CPNAV is compared against four alternatives: Simple Set, Ensemble Set, Prompt Set, and No Calibration. The first three are alternative action-set construction strategies, while No Calibration keeps the same navigation pipeline without the conformal prediction threshold. CPNAV uses the calibrated threshold reported in the paper and achieves the best SR, SPL, short-horizon metrics, and mean distance among the compared policies.
Hardware Experiments
Following the hardware setup described in the paper, CPNAV was evaluated on a modified Hiwonder MentorPi M1 mobile robot with a Mecanum drivetrain for omnidirectional motion. State estimation used SLAM Toolbox by fusing a 2D LiDAR scanner, wheel odometry, and an IMU, while a ZED 2i stereo camera provided rectified RGB-D observations for perception. The paper reports 24 randomized object-goal episodes across two residential apartment layouts, comparing the uncalibrated baseline against CPNAV with a calibrated threshold.
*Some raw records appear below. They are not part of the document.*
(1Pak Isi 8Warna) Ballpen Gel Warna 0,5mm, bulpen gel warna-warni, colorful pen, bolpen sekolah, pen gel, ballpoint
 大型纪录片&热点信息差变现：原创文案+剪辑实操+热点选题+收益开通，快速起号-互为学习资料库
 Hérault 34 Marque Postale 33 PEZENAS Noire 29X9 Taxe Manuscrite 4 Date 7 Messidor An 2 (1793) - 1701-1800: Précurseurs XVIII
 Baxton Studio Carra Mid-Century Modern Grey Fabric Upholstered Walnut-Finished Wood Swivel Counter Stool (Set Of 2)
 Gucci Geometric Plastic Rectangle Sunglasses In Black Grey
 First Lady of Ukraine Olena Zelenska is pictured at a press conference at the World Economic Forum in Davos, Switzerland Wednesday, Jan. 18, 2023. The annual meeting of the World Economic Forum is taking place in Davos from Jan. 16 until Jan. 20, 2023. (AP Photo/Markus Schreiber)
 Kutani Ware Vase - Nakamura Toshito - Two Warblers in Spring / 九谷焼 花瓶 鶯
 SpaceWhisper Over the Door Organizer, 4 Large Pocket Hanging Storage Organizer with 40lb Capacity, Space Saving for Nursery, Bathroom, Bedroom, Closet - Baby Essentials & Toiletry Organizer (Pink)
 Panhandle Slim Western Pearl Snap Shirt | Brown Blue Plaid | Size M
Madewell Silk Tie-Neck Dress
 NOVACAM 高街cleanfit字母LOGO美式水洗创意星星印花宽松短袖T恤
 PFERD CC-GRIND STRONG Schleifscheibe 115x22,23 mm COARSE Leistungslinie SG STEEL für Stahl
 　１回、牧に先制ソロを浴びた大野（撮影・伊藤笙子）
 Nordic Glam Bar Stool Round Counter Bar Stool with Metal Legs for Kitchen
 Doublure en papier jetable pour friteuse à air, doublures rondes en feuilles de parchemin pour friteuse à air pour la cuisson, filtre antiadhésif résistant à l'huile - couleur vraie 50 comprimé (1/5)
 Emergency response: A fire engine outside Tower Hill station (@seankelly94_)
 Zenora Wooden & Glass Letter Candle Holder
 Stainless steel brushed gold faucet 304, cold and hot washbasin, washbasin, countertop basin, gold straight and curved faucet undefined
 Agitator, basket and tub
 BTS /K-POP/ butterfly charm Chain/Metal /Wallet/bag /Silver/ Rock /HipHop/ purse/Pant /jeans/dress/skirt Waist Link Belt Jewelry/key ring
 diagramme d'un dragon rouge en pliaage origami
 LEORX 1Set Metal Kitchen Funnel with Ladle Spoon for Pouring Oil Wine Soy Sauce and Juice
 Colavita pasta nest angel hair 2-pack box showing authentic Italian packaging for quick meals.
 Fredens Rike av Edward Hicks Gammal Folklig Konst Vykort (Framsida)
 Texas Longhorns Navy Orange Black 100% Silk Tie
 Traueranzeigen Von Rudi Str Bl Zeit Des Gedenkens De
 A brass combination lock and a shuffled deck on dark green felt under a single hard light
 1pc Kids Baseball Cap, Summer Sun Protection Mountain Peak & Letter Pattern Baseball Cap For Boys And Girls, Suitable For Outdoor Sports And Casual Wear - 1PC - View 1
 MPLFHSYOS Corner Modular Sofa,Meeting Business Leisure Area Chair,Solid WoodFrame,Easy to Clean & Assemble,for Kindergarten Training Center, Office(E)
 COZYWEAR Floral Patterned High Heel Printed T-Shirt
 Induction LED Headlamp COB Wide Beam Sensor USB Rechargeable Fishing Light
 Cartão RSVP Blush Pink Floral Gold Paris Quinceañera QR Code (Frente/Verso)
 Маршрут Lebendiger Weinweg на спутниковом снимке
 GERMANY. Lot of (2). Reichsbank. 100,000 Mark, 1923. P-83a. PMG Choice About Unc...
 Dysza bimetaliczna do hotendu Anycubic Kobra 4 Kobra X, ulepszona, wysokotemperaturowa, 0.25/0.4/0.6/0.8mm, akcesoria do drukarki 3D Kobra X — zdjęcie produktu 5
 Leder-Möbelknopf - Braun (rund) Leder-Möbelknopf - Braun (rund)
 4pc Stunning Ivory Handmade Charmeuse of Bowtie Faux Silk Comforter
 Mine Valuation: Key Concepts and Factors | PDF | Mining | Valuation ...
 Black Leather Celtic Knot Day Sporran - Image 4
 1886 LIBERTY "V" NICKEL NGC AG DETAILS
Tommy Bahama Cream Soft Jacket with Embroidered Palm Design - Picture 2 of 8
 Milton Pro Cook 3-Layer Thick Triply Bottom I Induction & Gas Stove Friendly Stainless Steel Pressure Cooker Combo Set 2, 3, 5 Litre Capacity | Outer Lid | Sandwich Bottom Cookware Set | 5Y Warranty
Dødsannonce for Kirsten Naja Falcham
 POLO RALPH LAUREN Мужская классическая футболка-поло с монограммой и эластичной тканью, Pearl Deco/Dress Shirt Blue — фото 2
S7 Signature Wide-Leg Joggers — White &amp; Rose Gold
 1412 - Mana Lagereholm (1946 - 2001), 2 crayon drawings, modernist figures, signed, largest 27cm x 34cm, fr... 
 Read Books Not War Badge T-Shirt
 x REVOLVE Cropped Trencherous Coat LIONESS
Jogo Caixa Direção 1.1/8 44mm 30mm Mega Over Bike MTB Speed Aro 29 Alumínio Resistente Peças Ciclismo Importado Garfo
The hardware rollouts below compare the baseline and CPNAV in the same object-goal navigation setting. The baseline commits to less reliable branches, exceeds the maximum step limit, and fails to reach the goal. CPNAV uses calibrated VLM scores to choose more reliable actions and reaches the goal in 14 steps.
In these hardware trials, CPNAV improves the robot’s reliability and path efficiency by pruning low-confidence branches during exploration. The reported success rate increases from 66.67% to 83.33%, SPL improves from 0.4204 to 0.4843, and mean distance traveled decreases from 9.0330 m to 6.2949 m.
Search Tree Efficiency
These offline tree visualizations show the same experiment as the hardware GIFs above, but as search trees. The baseline explores a broader and more diffuse tree, expanding several low-value branches before exceeding the step limit. CPNAV uses conformal prediction to calibrate vision-language action scores, so unreliable actions can be filtered during tree search. The resulting tree is more focused: fewer branches are explored, and the search progresses more directly toward the goal.
Sensitivity Study
The paper also studies how CPNAV changes under sensing and modeling variations. This includes camera height, camera field of view, the VLM model used for action scoring, and whether the voxel map is included. The study shows that sensing geometry and model capacity matter: lower field of view, less informative camera placement, a smaller VLM, or removing the voxel map all reduce reliability or path efficiency. CPNAV remains the strongest configuration, indicating that conformal calibration works best when paired with informative RGB-D perception and the voxel map used by the action proposer.